Sediments deposited into lakes that have come from glaciers are called glaciolacustrine deposits. In some European geological traditions, the term limnoglacial is used. These lakes include ice margin lakes or other types formed from glacial erosion or deposition. Sediments in the bedload and suspended load are carried into lakes and deposited. The bedload is deposited at the lake margin while the suspended load is deposited all over the lake bed. Glaciolacustrine deposits commonly form varves, which are annually deposited layers of silt and clay, where silt is deposited during the summer, and clay during the winter.

== Bedload deposits ==
Sediments carried in the bedload of a stream, mostly sands and gravels, are deposited in deltas that form at the edges of lakes. These deposits will only be found near the edges of the lake.

== Suspended deposits ==
Sediments that are carried in the suspended load of a stream, commonly silts and clays, are transported into the lake in suspension or by currents along the lake floor.
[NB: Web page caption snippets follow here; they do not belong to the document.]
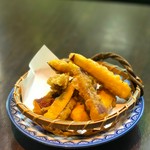 さっくり揚げたサツマイモを蜂蜜塩と絡めてます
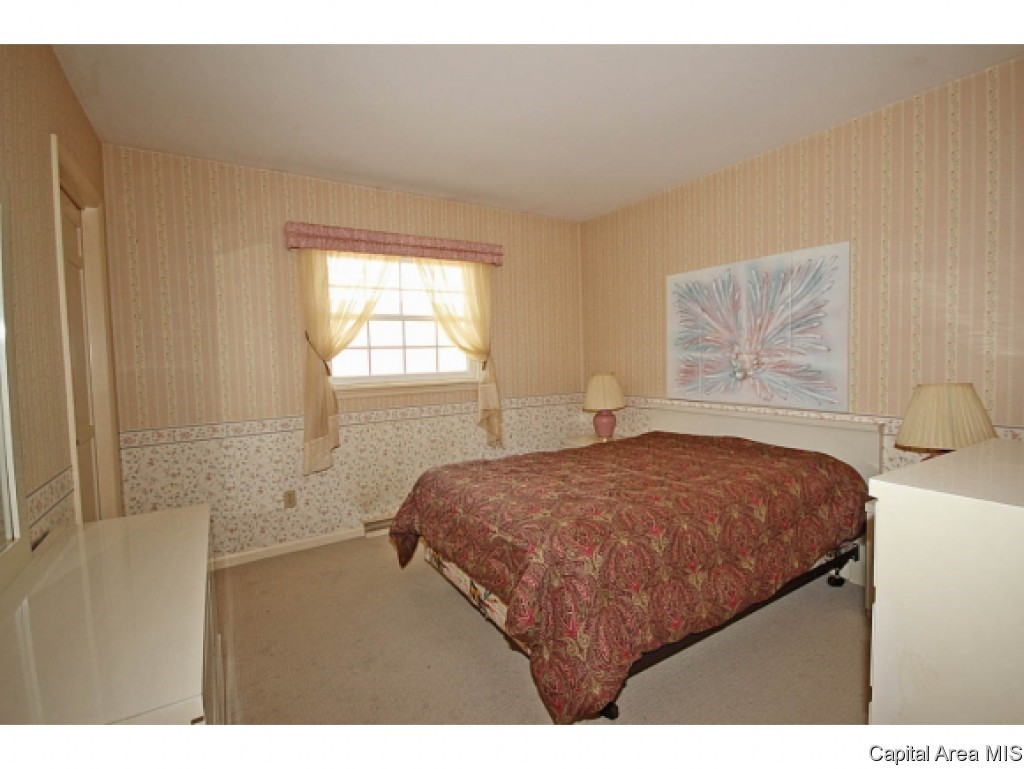 138 Golf Road Springfield, IL 62704 - Photo 21 of 36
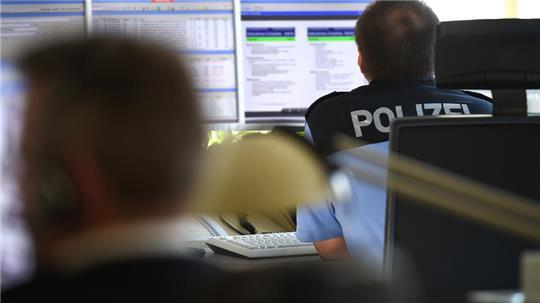 Die 110 wird gewählt, wenn die Hilfe der Polizei benötigt wird - etwa bei Straftaten, Bedrohungen, Gefahren.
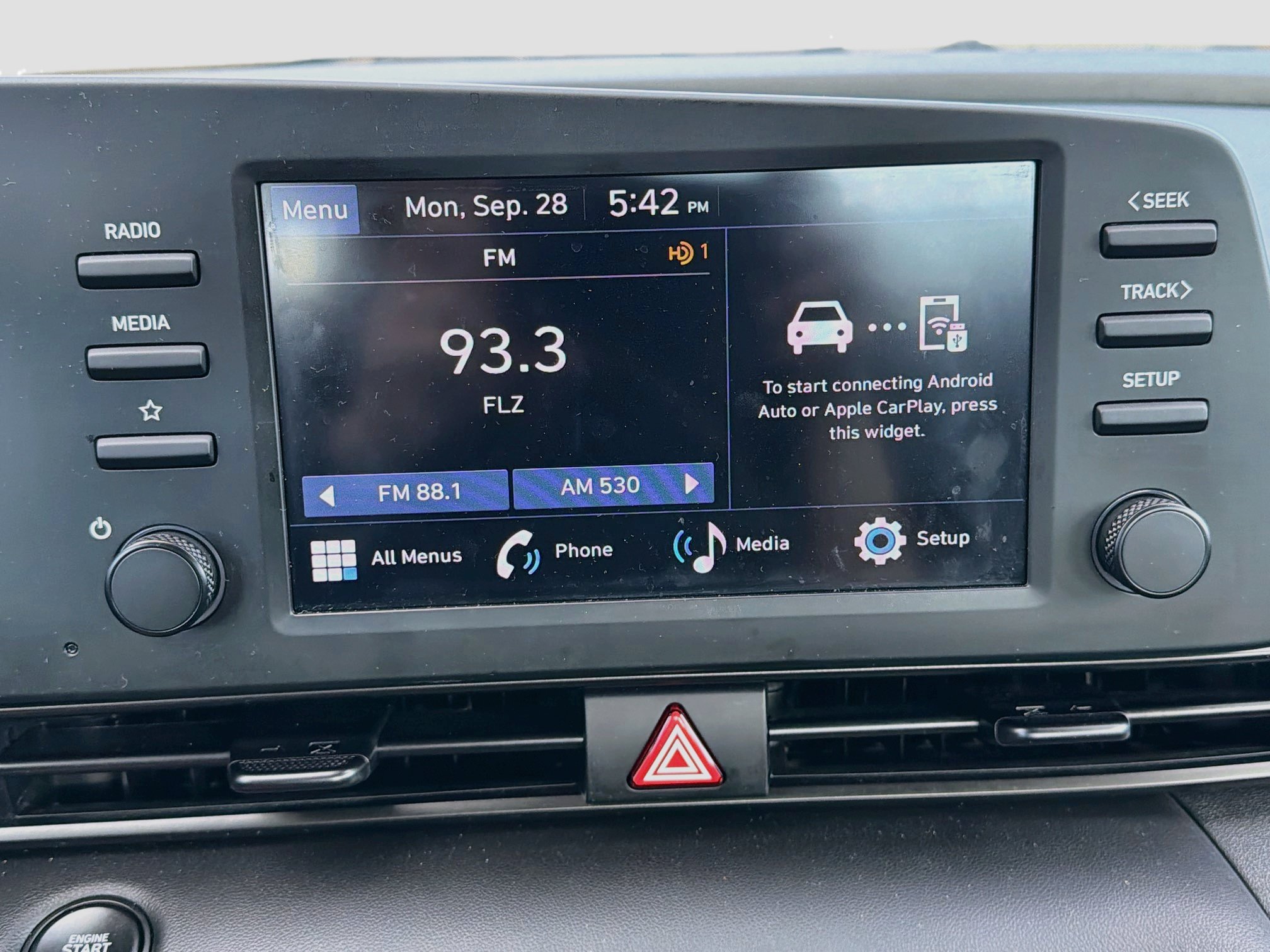 Used 2025 Hyundai Elantra Sport FWD image 24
These are the principal deposits during the winter because of lack of melting of the glacier so the stream has a reduced discharge therefore carrying less coarse material. These sediments normally consist of fine-grained rhythmites that are laid down in layers known as varves or varvites. A varve represents an annual deposit of silt and clay. Sedimentation in deltas also occurs in rhythmic patterns as in the lake deposits, but they are thicker and contain coarse-grained materials instead of just silt and clay. As the varves get closer to the shoreline the clay layer will stay relatively the same thickness, but there will be an increase in thickness of the silt layer.